• Task prompt: Write out the entire listing below exactly as it appears, minus any pictures.

• Information supplied:
▬▬▬▬▬▬▬▬▬▬

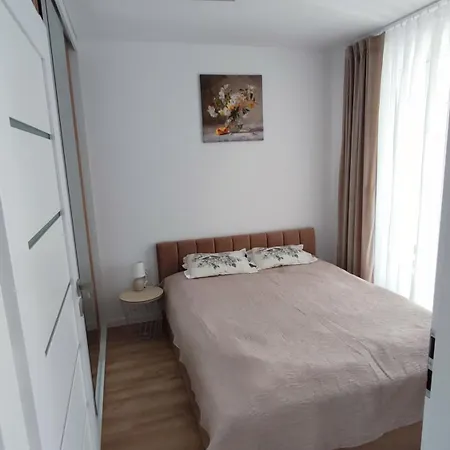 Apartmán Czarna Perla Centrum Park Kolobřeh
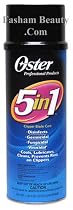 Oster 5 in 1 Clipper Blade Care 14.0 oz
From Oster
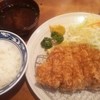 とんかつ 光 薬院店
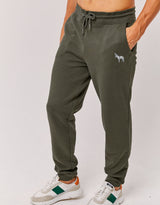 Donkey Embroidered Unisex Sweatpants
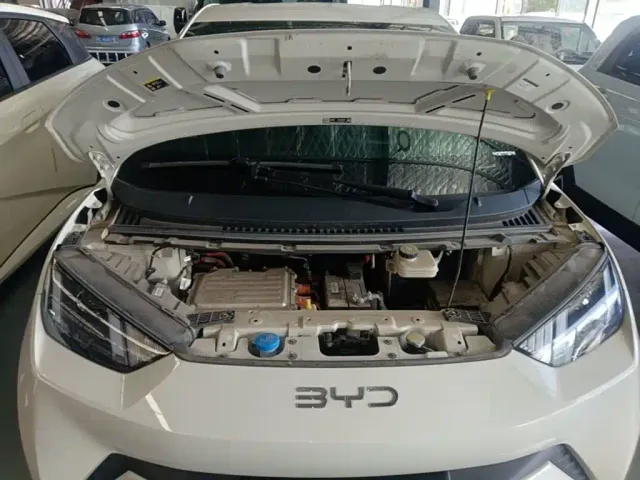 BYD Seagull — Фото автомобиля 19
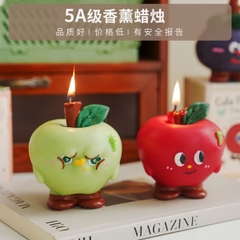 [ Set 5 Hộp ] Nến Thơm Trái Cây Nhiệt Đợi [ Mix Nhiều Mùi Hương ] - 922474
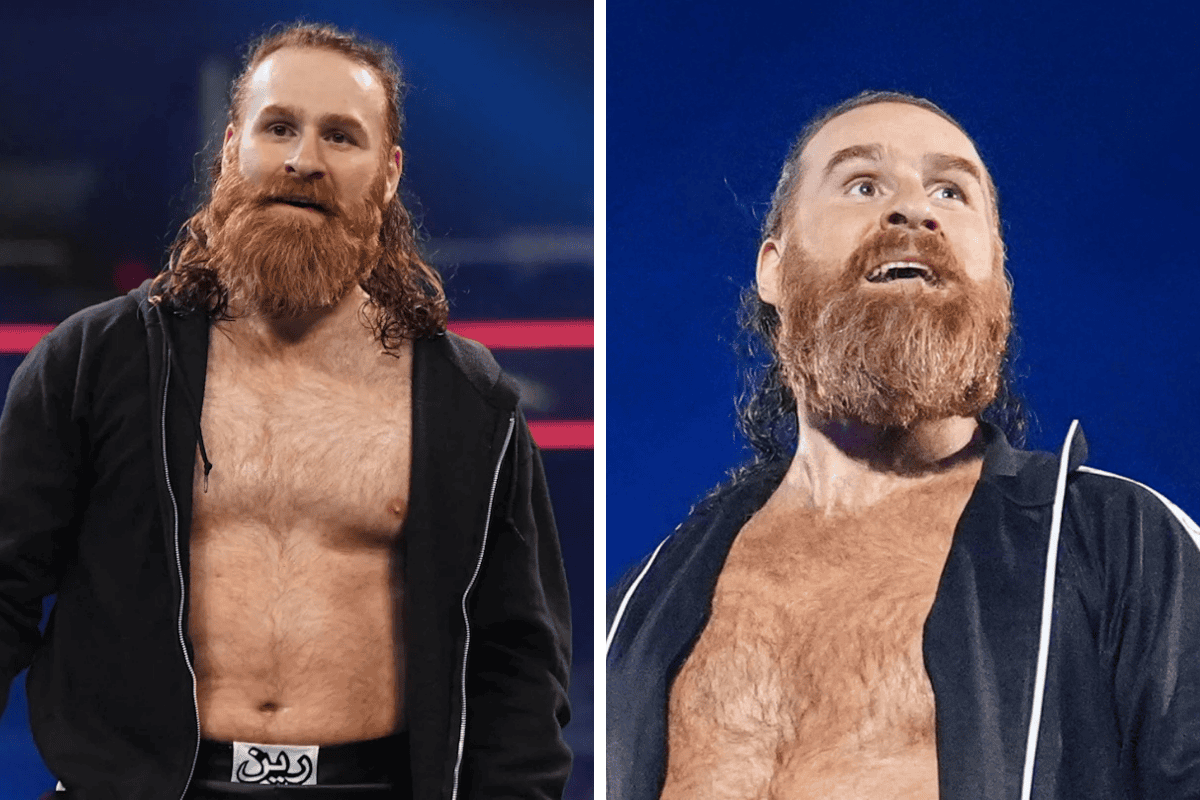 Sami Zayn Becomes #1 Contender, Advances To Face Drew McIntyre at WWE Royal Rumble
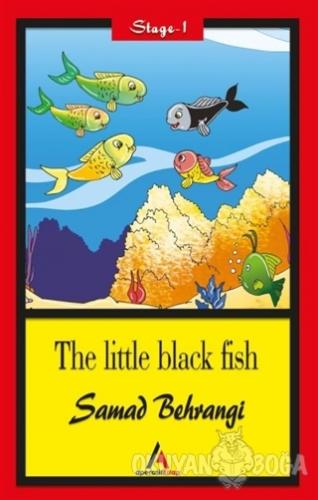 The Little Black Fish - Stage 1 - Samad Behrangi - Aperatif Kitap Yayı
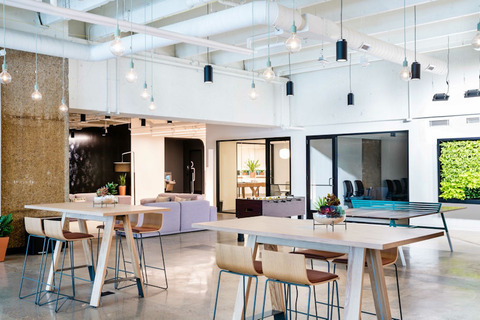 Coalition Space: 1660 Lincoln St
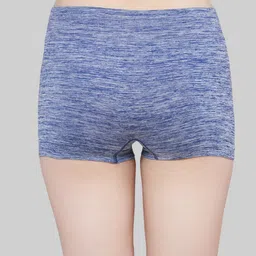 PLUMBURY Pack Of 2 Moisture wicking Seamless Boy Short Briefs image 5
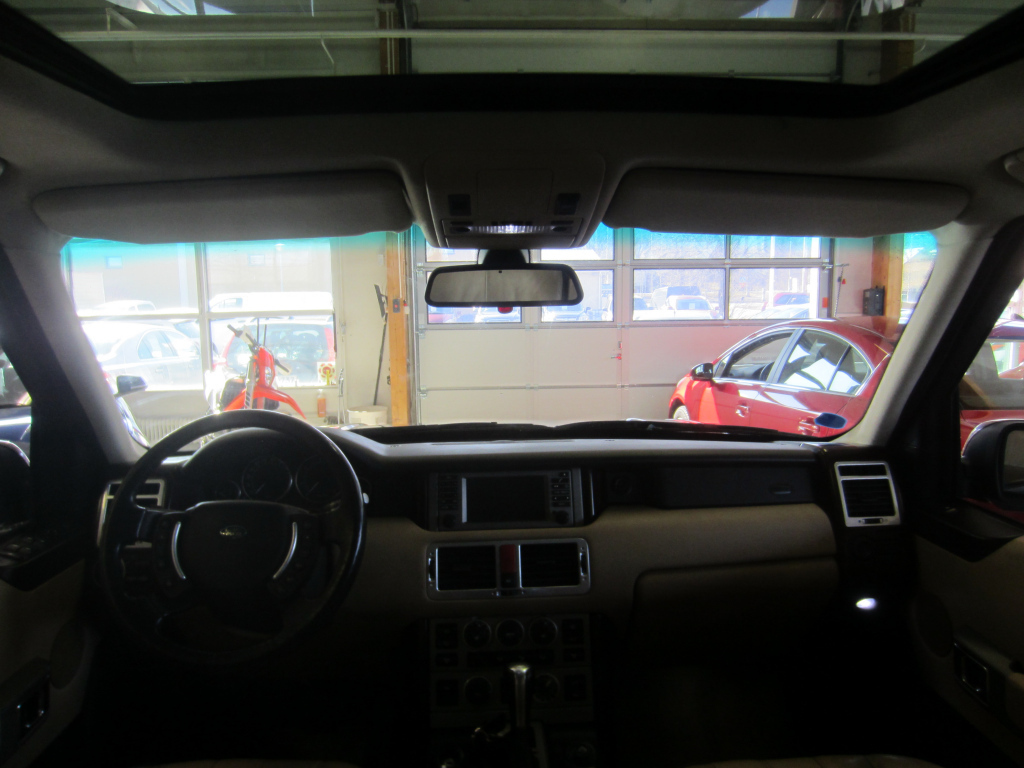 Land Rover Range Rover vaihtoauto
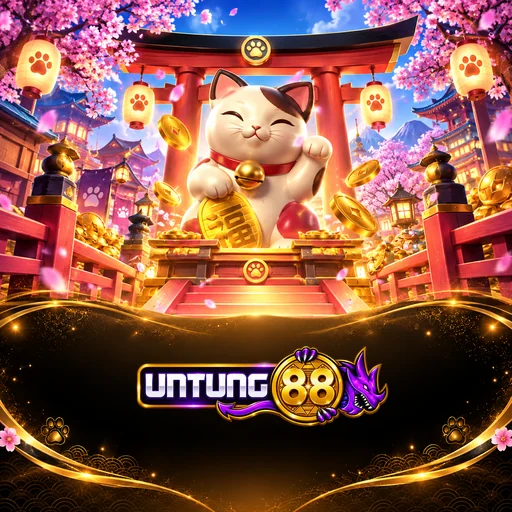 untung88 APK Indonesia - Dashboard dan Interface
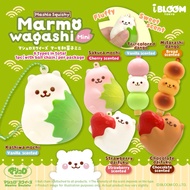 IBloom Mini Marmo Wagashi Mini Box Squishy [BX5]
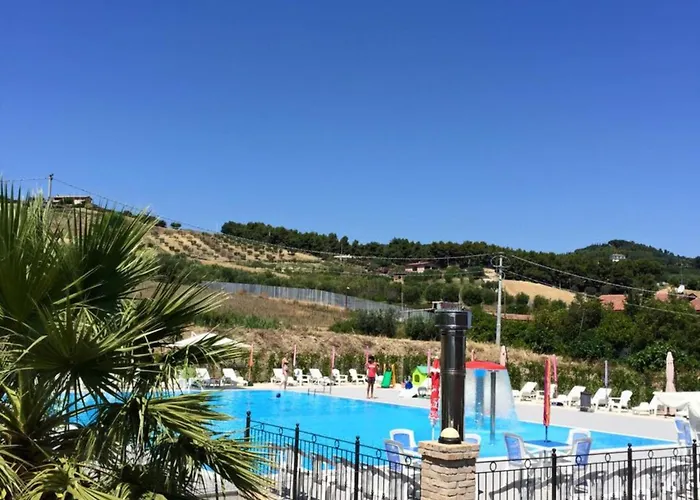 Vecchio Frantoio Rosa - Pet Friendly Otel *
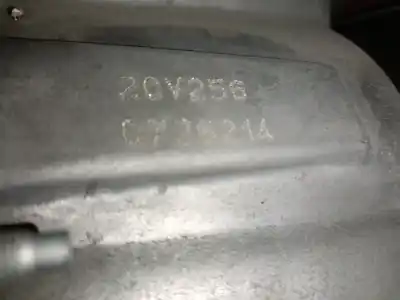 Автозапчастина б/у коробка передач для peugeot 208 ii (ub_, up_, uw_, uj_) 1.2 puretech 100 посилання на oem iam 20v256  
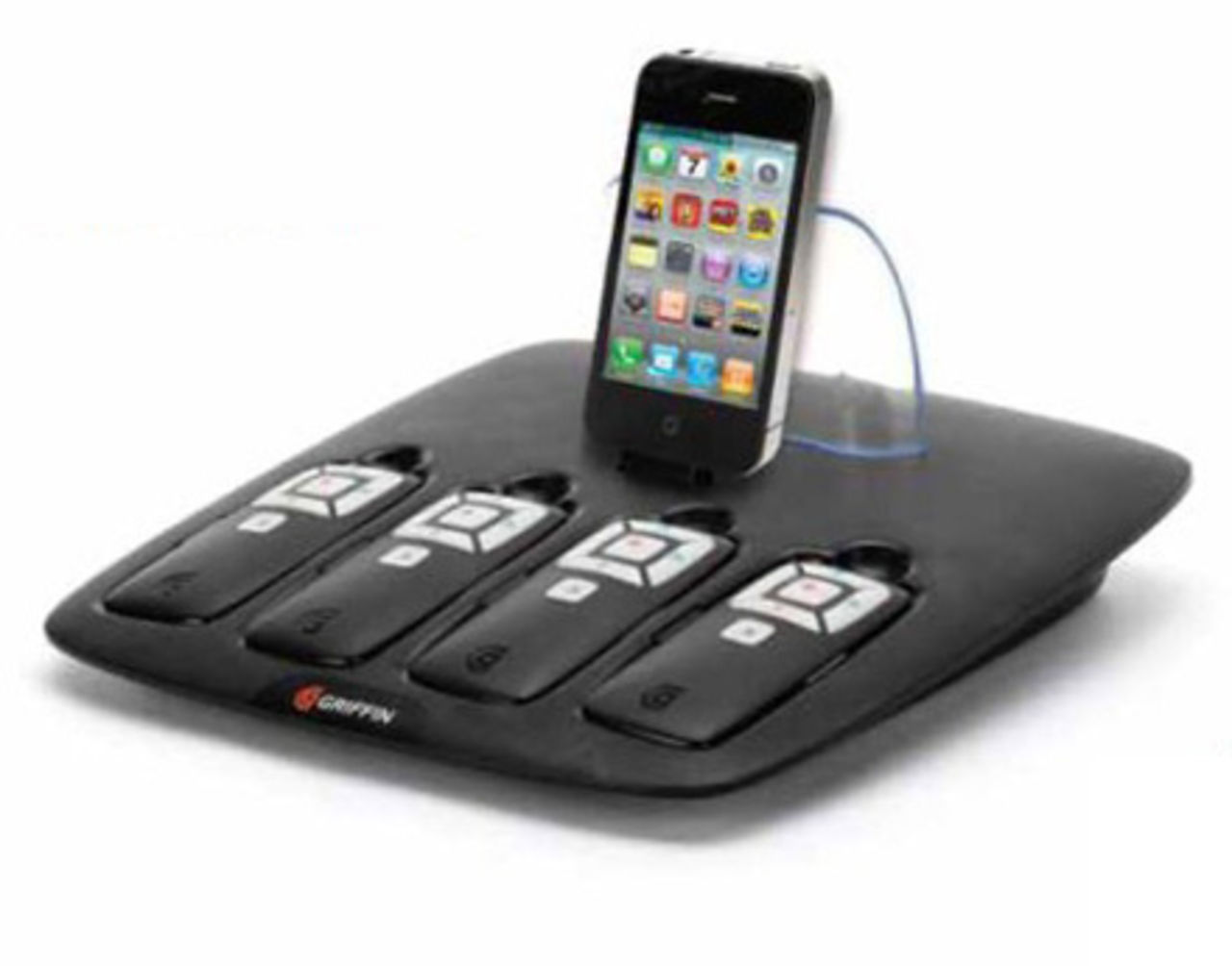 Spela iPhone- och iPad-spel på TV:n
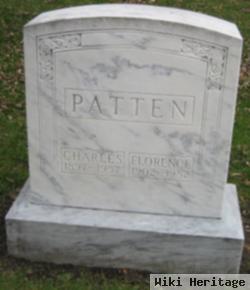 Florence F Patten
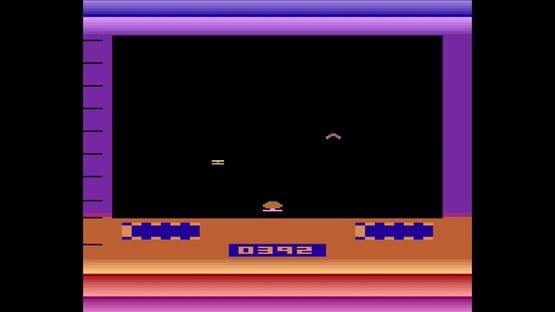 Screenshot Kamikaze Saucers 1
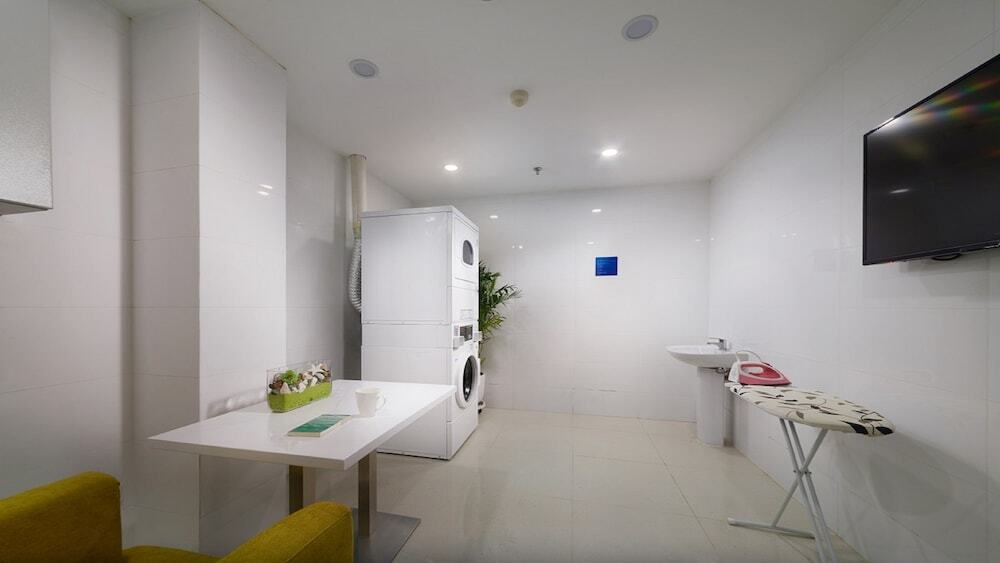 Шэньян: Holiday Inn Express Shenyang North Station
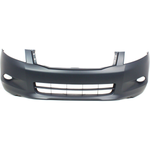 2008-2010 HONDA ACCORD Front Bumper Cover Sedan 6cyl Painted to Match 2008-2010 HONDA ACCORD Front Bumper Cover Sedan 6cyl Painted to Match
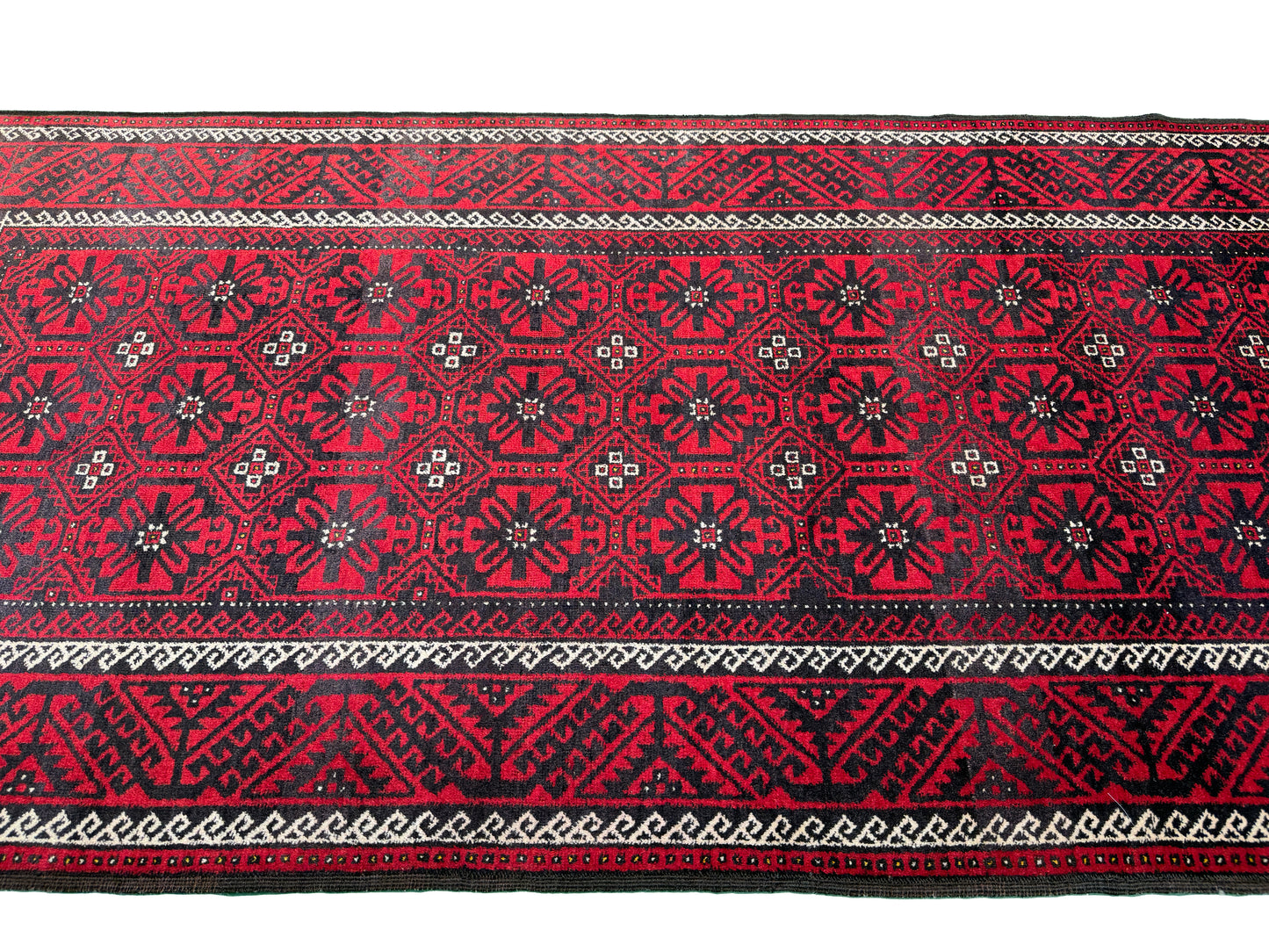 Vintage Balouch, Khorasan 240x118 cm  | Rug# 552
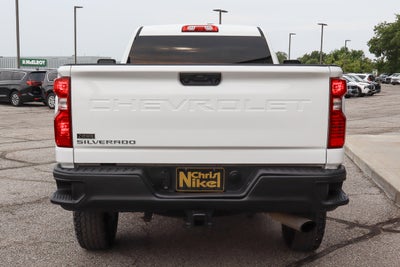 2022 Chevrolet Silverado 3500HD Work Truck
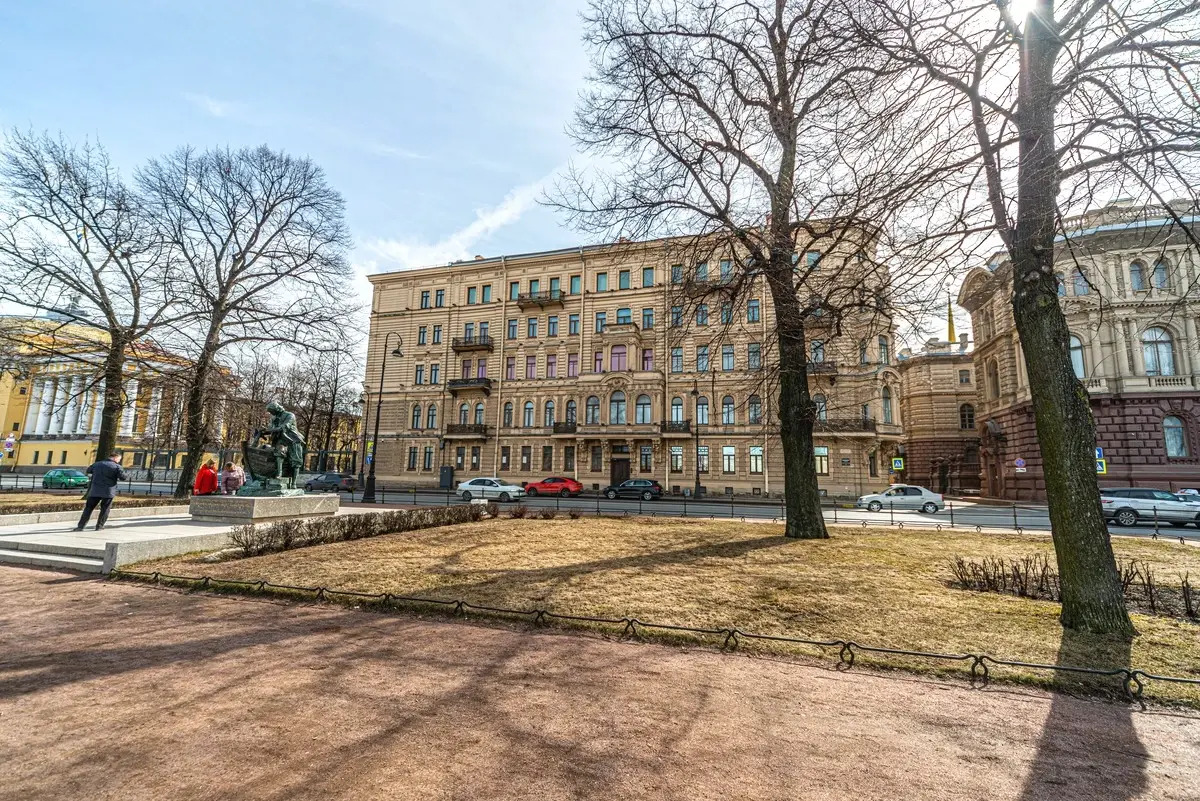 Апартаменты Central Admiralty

▬▬▬▬▬▬▬▬▬▬

• Response to this task:
 Apartmán Czarna Perla Centrum Park Kolobřeh
 Oster 5 in 1 Clipper Blade Care 14.0 oz
From Oster
 とんかつ 光 薬院店
 Donkey Embroidered Unisex Sweatpants
 BYD Seagull — Фото автомобиля 19
 [ Set 5 Hộp ] Nến Thơm Trái Cây Nhiệt Đợi [ Mix Nhiều Mùi Hương ] - 922474
 Sami Zayn Becomes #1 Contender, Advances To Face Drew McIntyre at WWE Royal Rumble
 The Little Black Fish - Stage 1 - Samad Behrangi - Aperatif Kitap Yayı
 Coalition Space: 1660 Lincoln St
 PLUMBURY Pack Of 2 Moisture wicking Seamless Boy Short Briefs image 5
 Land Rover Range Rover vaihtoauto
 untung88 APK Indonesia - Dashboard dan Interface
 IBloom Mini Marmo Wagashi Mini Box Squishy [BX5]
 Vecchio Frantoio Rosa - Pet Friendly Otel *
 Автозапчастина б/у коробка передач для peugeot 208 ii (ub_, up_, uw_, uj_) 1.2 puretech 100 посилання на oem iam 20v256  
 Spela iPhone- och iPad-spel på TV:n
 Florence F Patten
 Screenshot Kamikaze Saucers 1
 Шэньян: Holiday Inn Express Shenyang North Station
 2008-2010 HONDA ACCORD Front Bumper Cover Sedan 6cyl Painted to Match 2008-2010 HONDA ACCORD Front Bumper Cover Sedan 6cyl Painted to Match
 Vintage Balouch, Khorasan 240x118 cm  | Rug# 552
 2022 Chevrolet Silverado 3500HD Work Truck
 Апартаменты Central Admiralty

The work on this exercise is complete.